(Short text fragments from websites)
▬▬▬▬▬▬▬▬▬▬
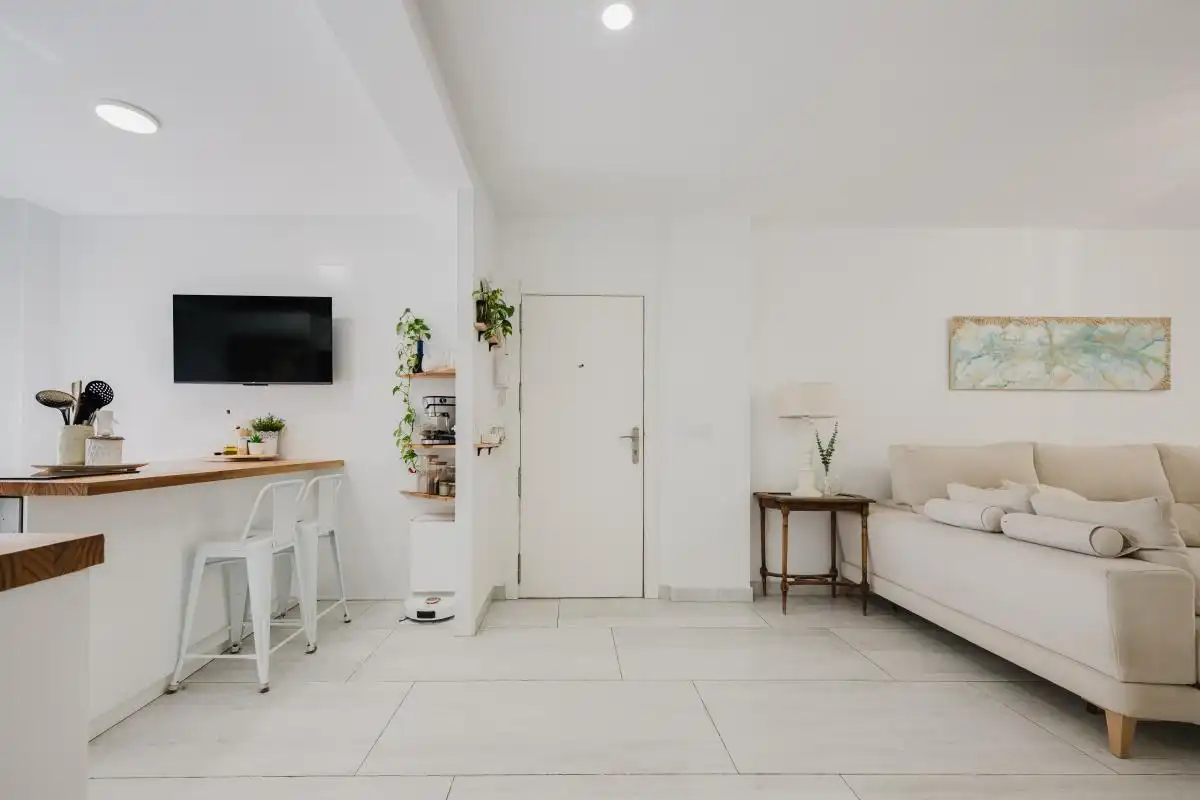 Sala de estar de Piso en venta en Sevilla con Aire acondicionado, Calefacción y Trastero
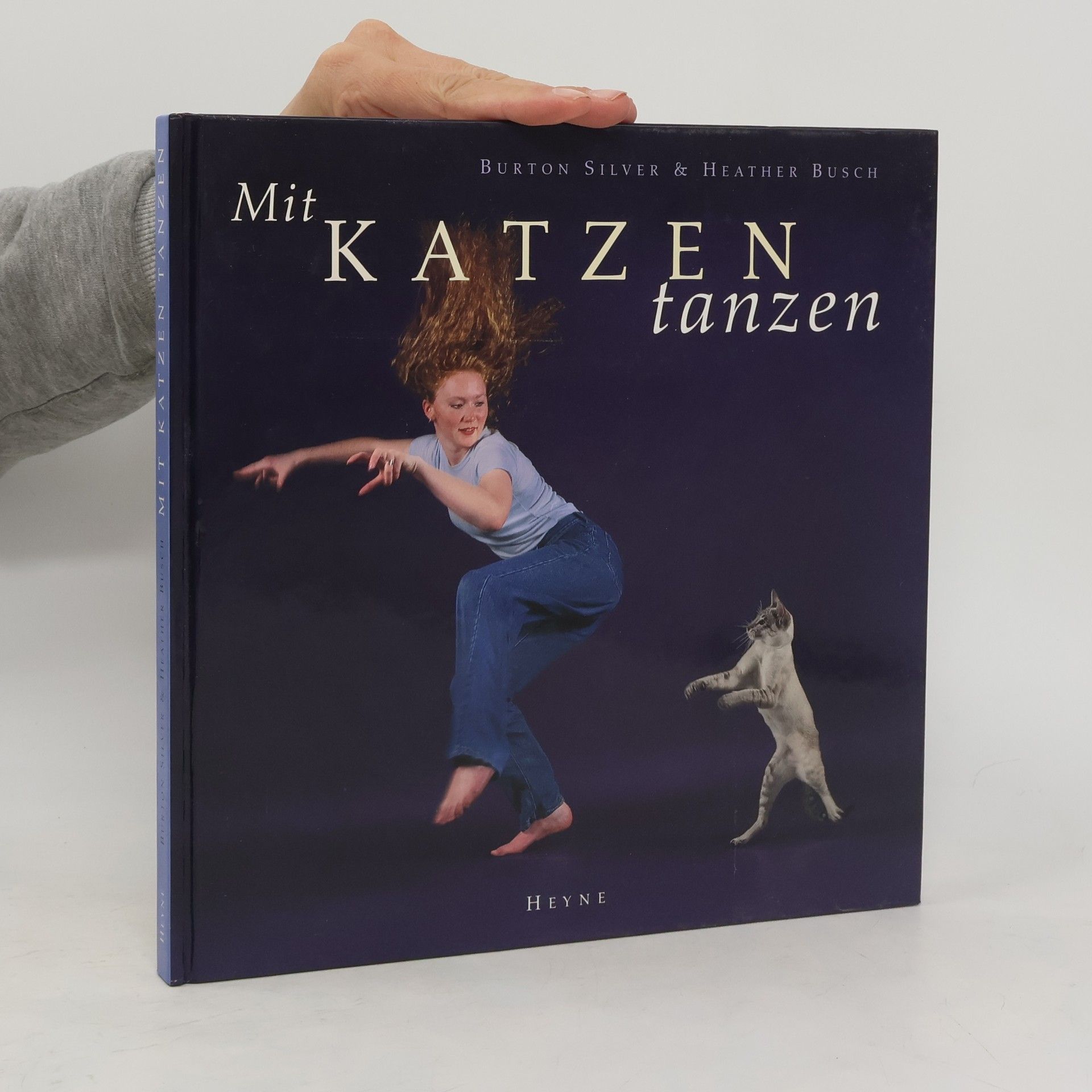 Heather Busch Mit Katzen tanzen
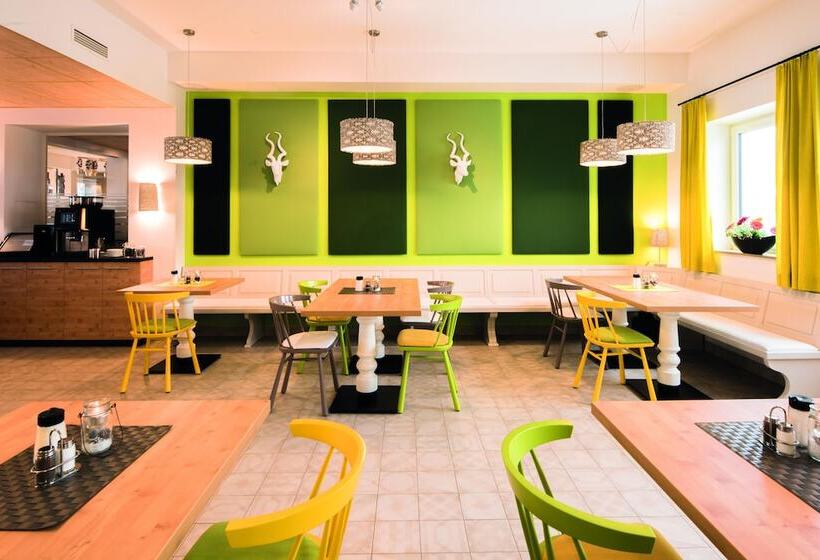 Hey Lou Hotel Piding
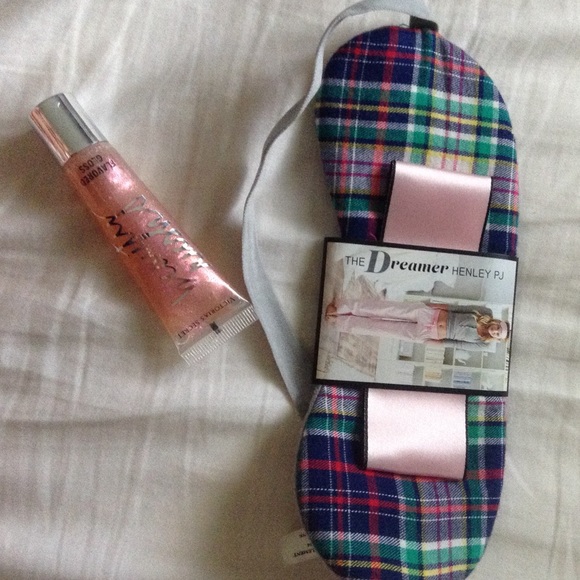 VS sleep mask and lip gloss
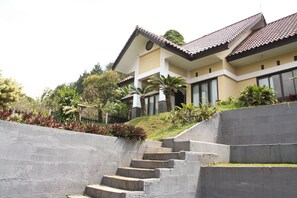 Front of property - Aldeoz Ciater Cikole Villa Subang (Ciater)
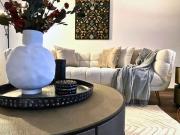 UNIQUE LIFE IN THE METROPOLITANS COMPLEX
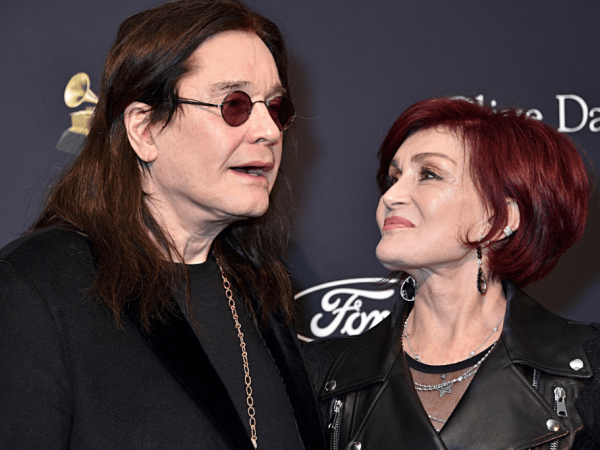 Entre excesos, escándalos y amor eterno: la historia de Ozzy Osbourne y Sharon que sobrevivió hasta el final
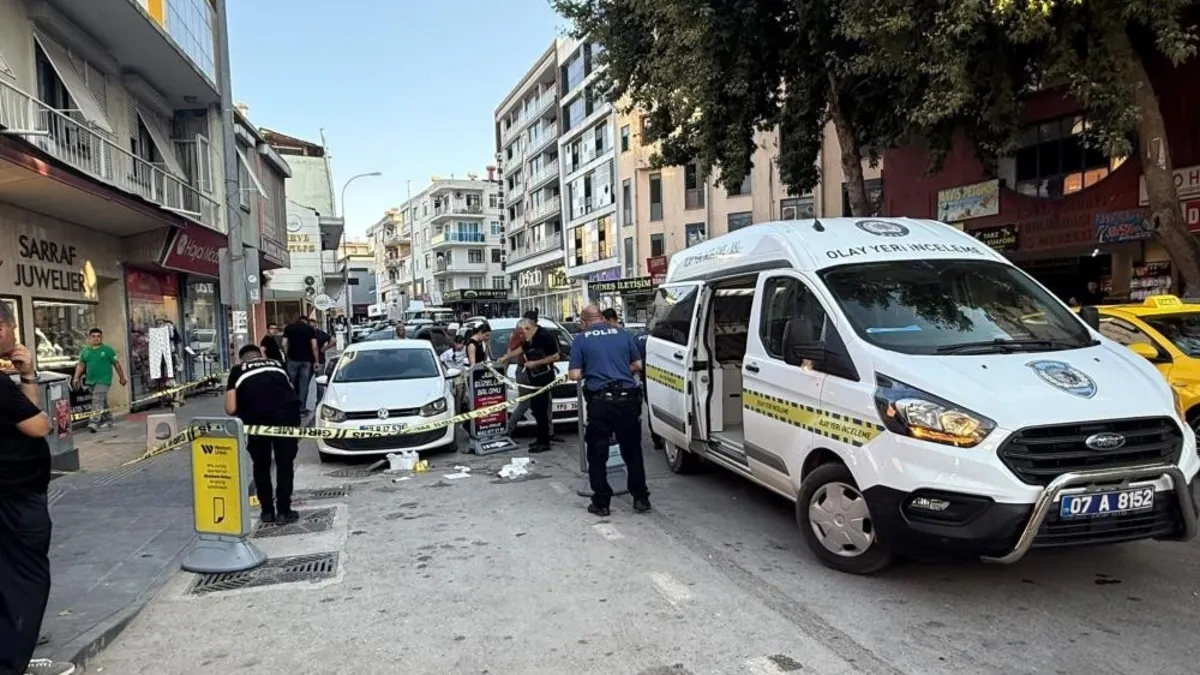 Antalya'da doğum günü pastası alırken silahlı saldırıya uğradı | "Öldürme kastı ile geldi"
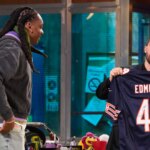 Tremaine Edmunds, el jugador de la NFL invitado en ‘La Revuelta’ que enseñará a los niños españoles a jugar al fútbol americano Tremaine Edmunds, el jugador de la NFL invitado en ‘La Revuelta’ que enseñará a los niños españoles a jugar al fútbol americano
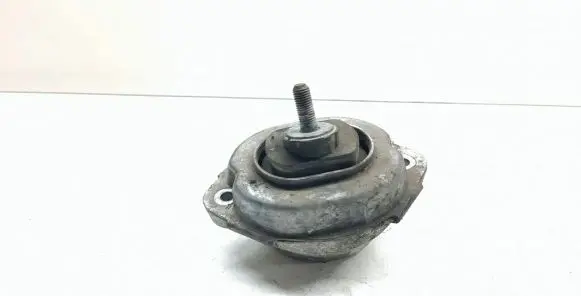 BMW X5 E53 Engine mount bracket 6758444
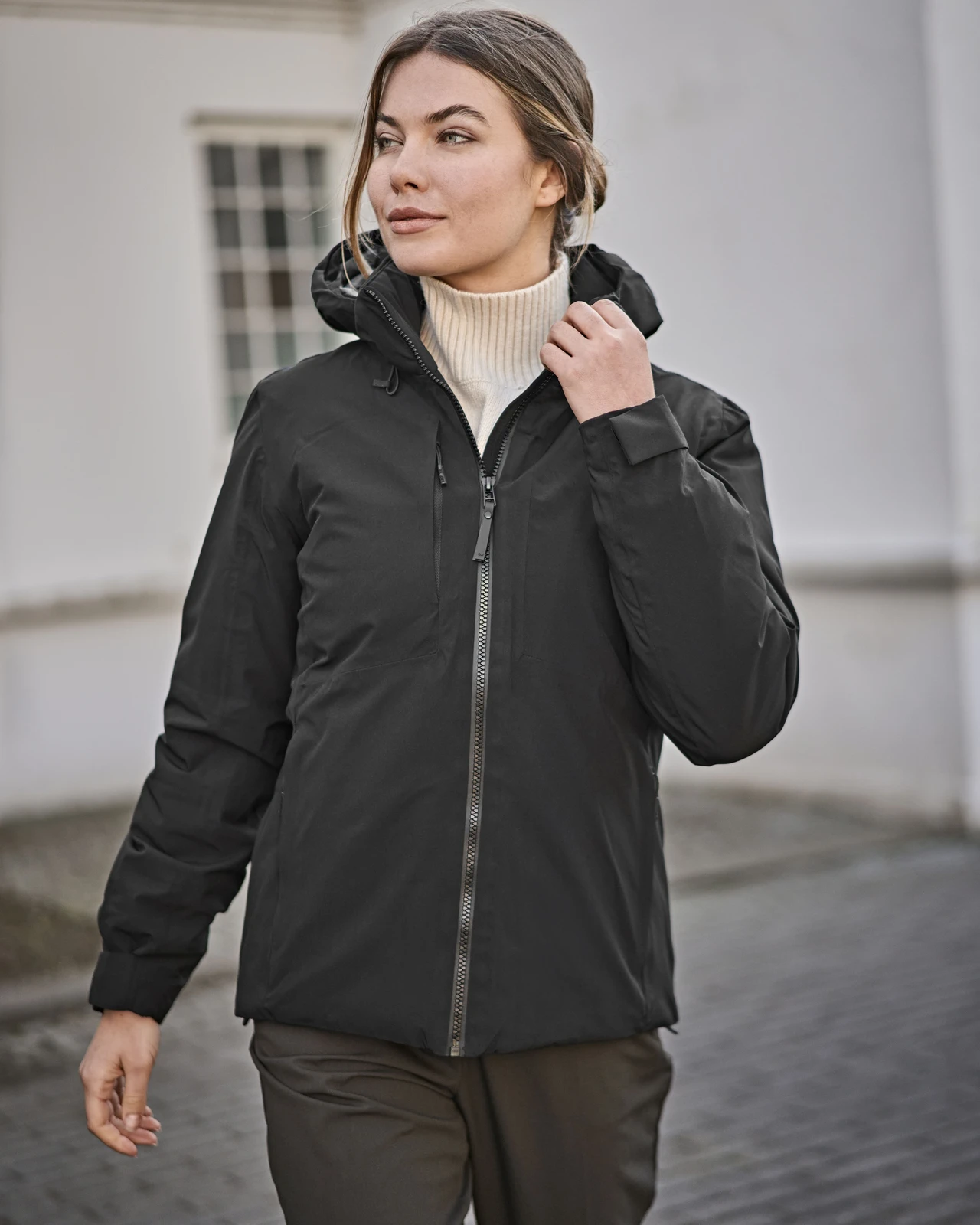 tee-jays-9681-womens-all-weather-winter-jacket-black-model-0 Tee Jays Women´s All Weather Winter Jacket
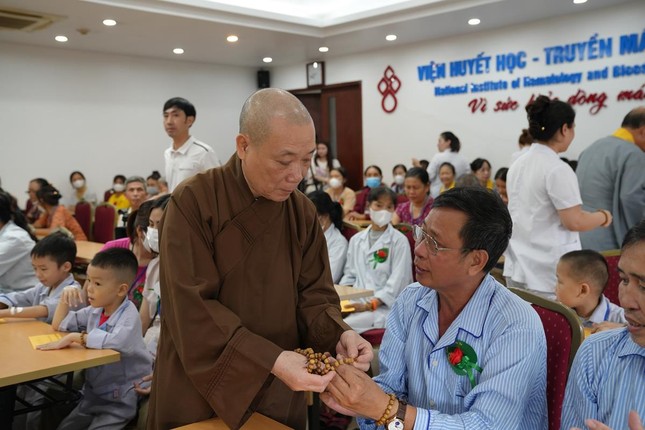 Hòa thượng Thích Bảo Nghiêm trao tặng chuỗi hạt đeo tay đến bệnh nhân Hòa thượng Thích Bảo Nghiêm trao tặng chuỗi hạt đeo tay đến bệnh nhân
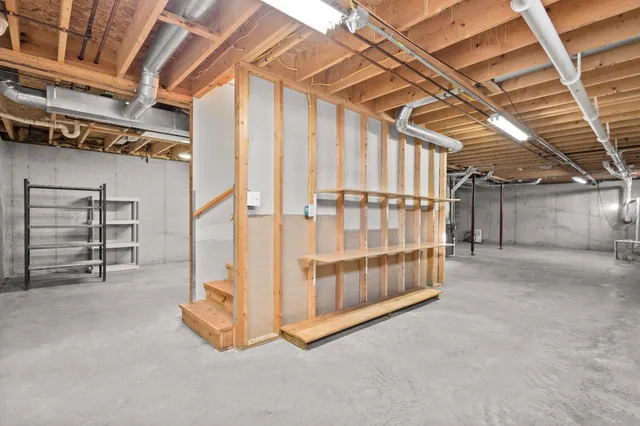 $349,900 | 3286 County Road East, Omro, WI 54963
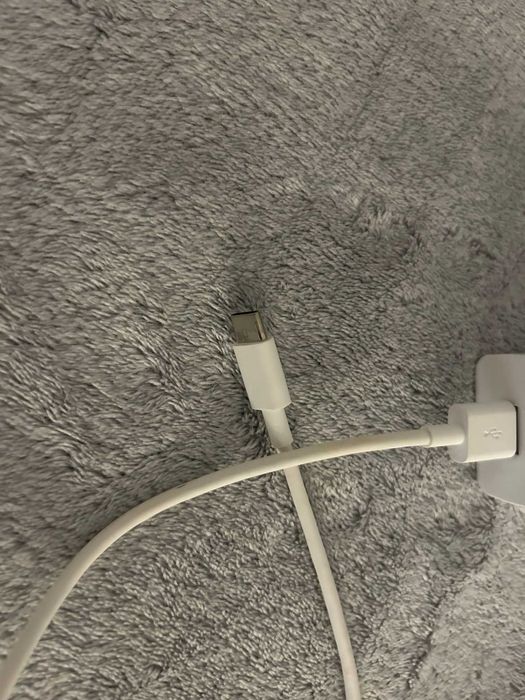 IQOS ILUMA ONE – neutilizat, stare perfecta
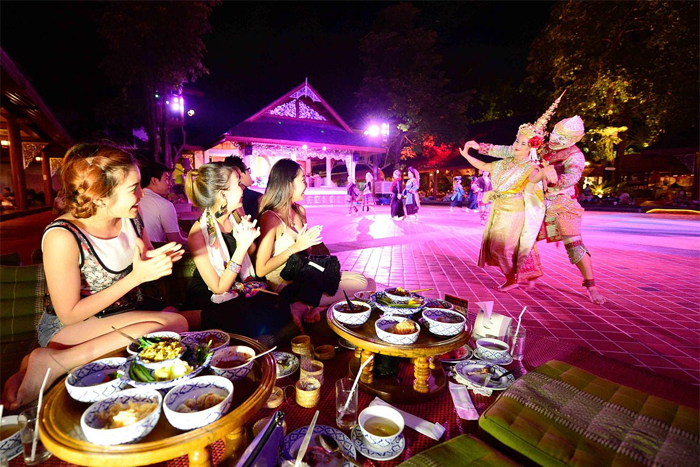 Khantoke Dinner: Best things to do in Chiang Mai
▬▬▬▬▬▬▬▬▬▬
- [WHAT NEEDS TO BE DONE]: Please copy out from the data above, without any picture, exactly the lines running from the one that holds "Antalya'da doğum günü" through the one that holds "fútbol americano Tremaine", and nothing beyond them.

- [RESPONSE TO THE TASK]:
 Antalya'da doğum günü pastası alırken silahlı saldırıya uğradı | "Öldürme kastı ile geldi"
 Tremaine Edmunds, el jugador de la NFL invitado en ‘La Revuelta’ que enseñará a los niños españoles a jugar al fútbol americano Tremaine Edmunds, el jugador de la NFL invitado en ‘La Revuelta’ que enseñará a los niños españoles a jugar al fútbol americano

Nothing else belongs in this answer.